Set down, word for word, every line of the material below from the one containing "Highland Mint Chicago" through the one containing "1.50ct Oval Lab", but none of its pictures.

━━ THE DATA

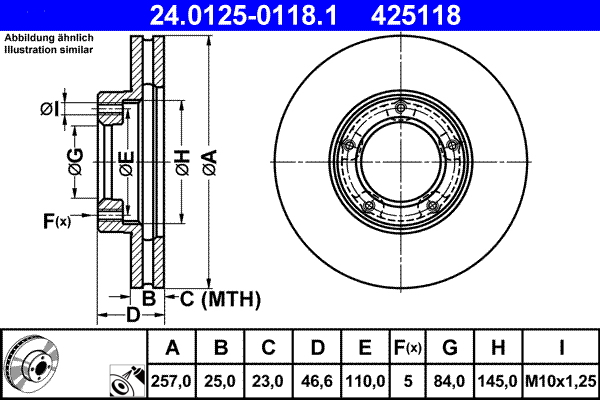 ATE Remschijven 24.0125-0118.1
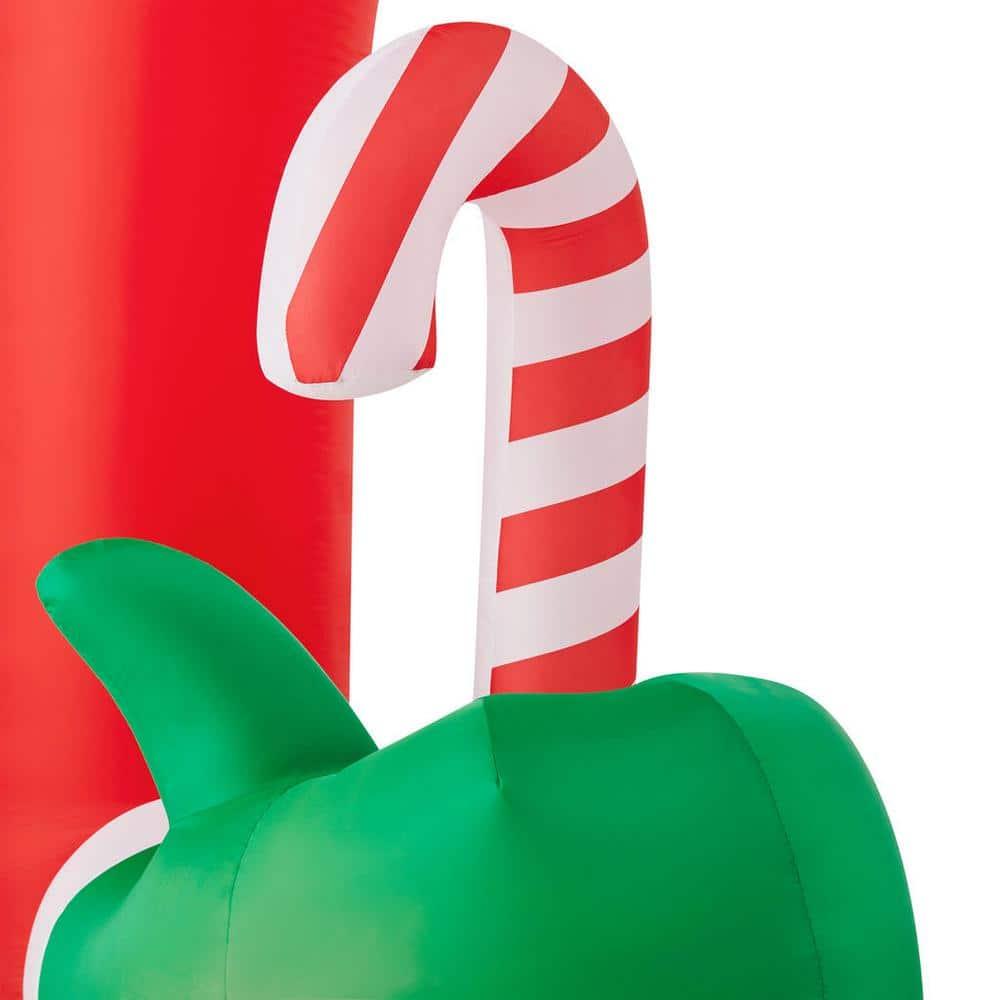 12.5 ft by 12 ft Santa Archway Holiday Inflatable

━━━━
━━ THE DATA

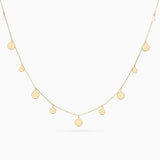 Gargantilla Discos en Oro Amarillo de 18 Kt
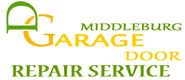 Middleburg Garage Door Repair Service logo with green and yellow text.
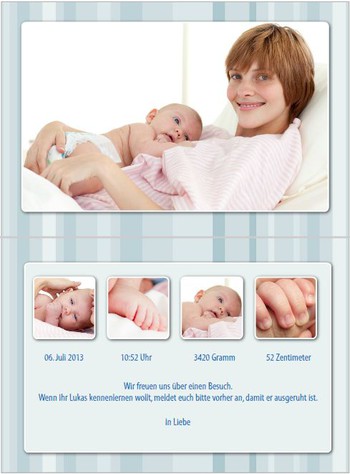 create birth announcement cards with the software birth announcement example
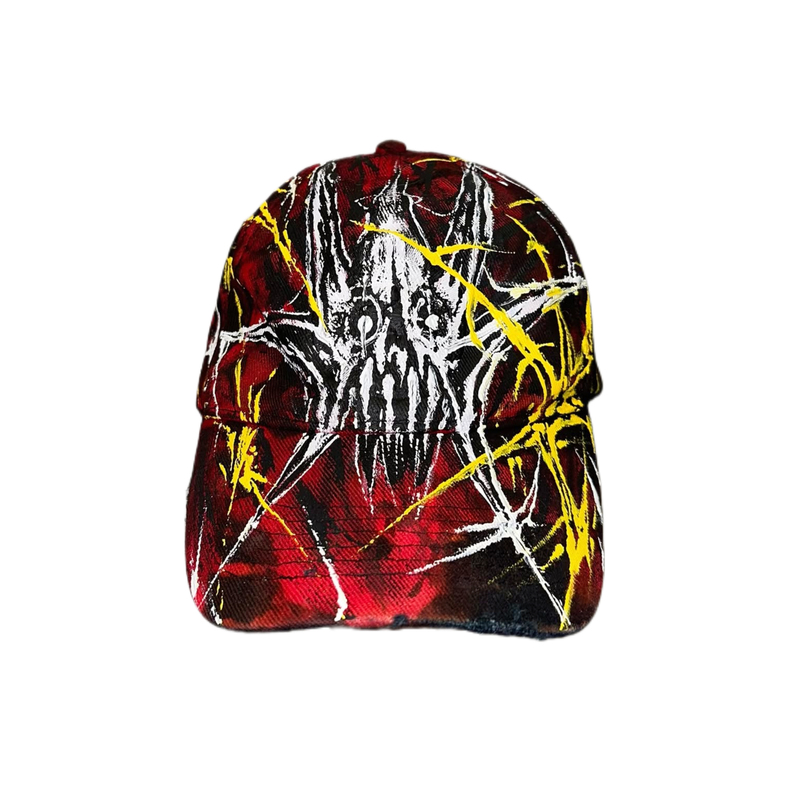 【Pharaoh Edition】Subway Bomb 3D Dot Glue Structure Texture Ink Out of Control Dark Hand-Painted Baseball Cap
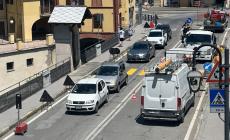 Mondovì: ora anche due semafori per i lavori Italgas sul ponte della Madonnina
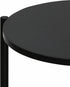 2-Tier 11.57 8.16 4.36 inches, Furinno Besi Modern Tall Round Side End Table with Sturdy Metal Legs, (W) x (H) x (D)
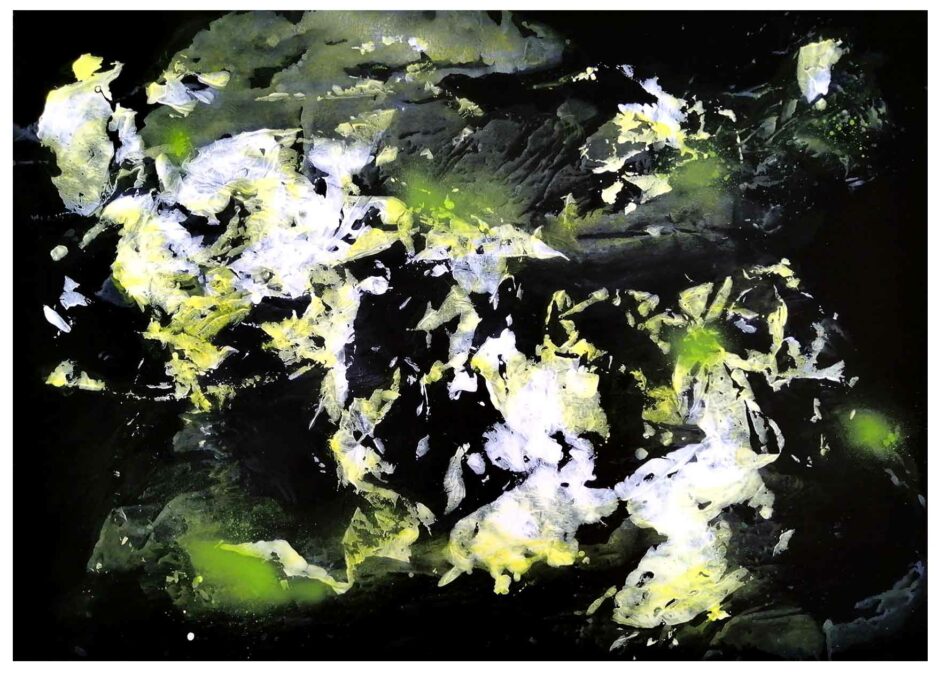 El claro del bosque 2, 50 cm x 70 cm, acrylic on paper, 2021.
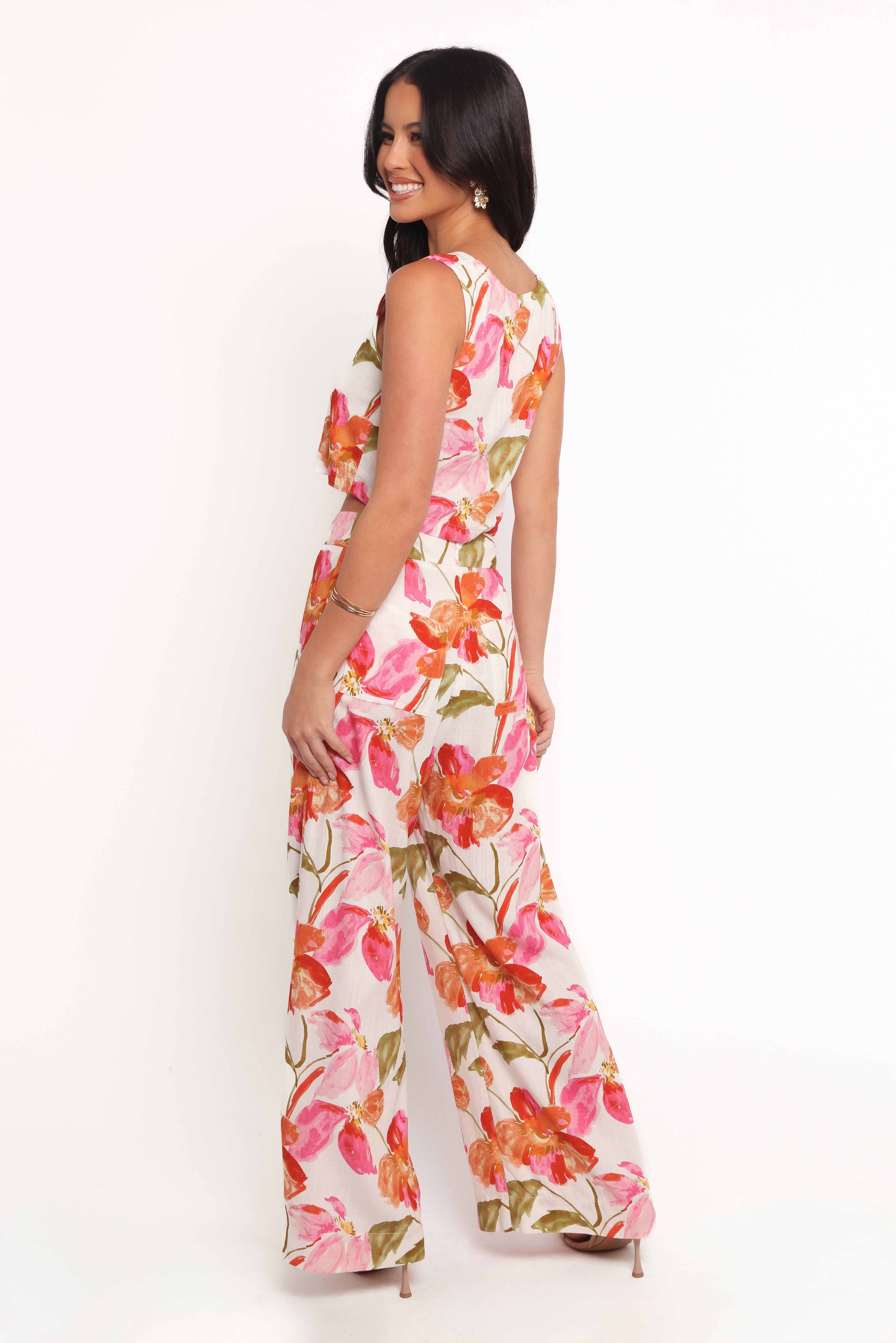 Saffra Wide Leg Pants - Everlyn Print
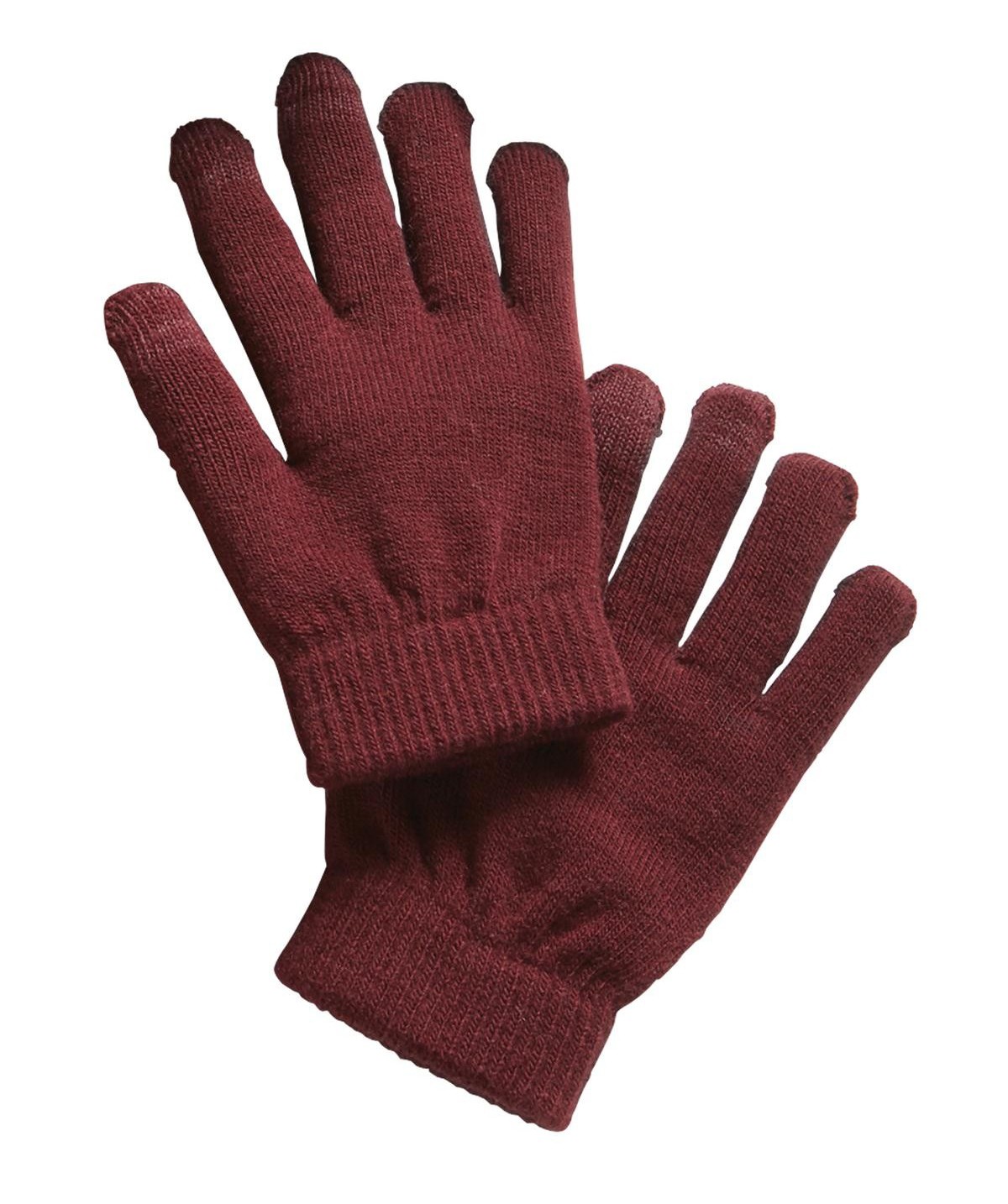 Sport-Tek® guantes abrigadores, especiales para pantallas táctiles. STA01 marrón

━━━━
━━ THE DATA

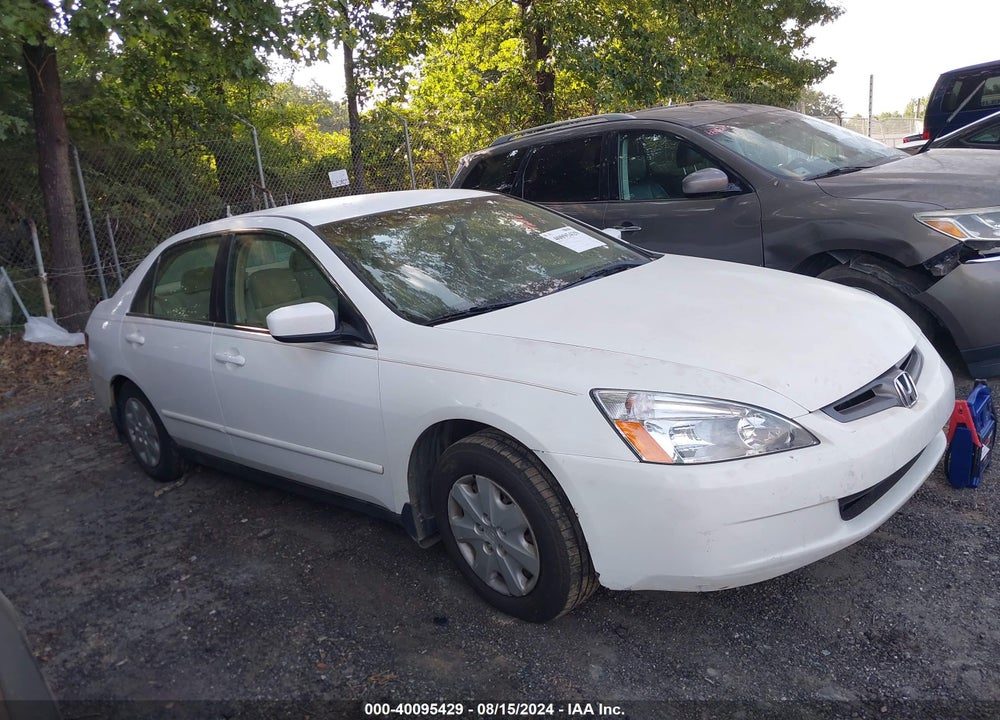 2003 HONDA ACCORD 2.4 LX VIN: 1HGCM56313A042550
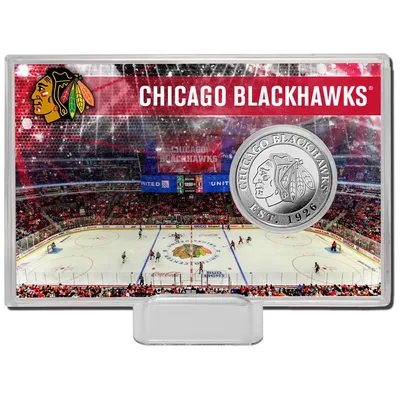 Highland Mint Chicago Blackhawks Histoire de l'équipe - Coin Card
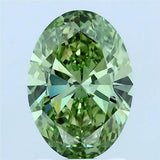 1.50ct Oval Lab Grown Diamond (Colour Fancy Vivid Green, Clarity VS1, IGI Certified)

━━━━

● EXERCISE SOLUTION
 Highland Mint Chicago Blackhawks Histoire de l'équipe - Coin Card
 1.50ct Oval Lab Grown Diamond (Colour Fancy Vivid Green, Clarity VS1, IGI Certified)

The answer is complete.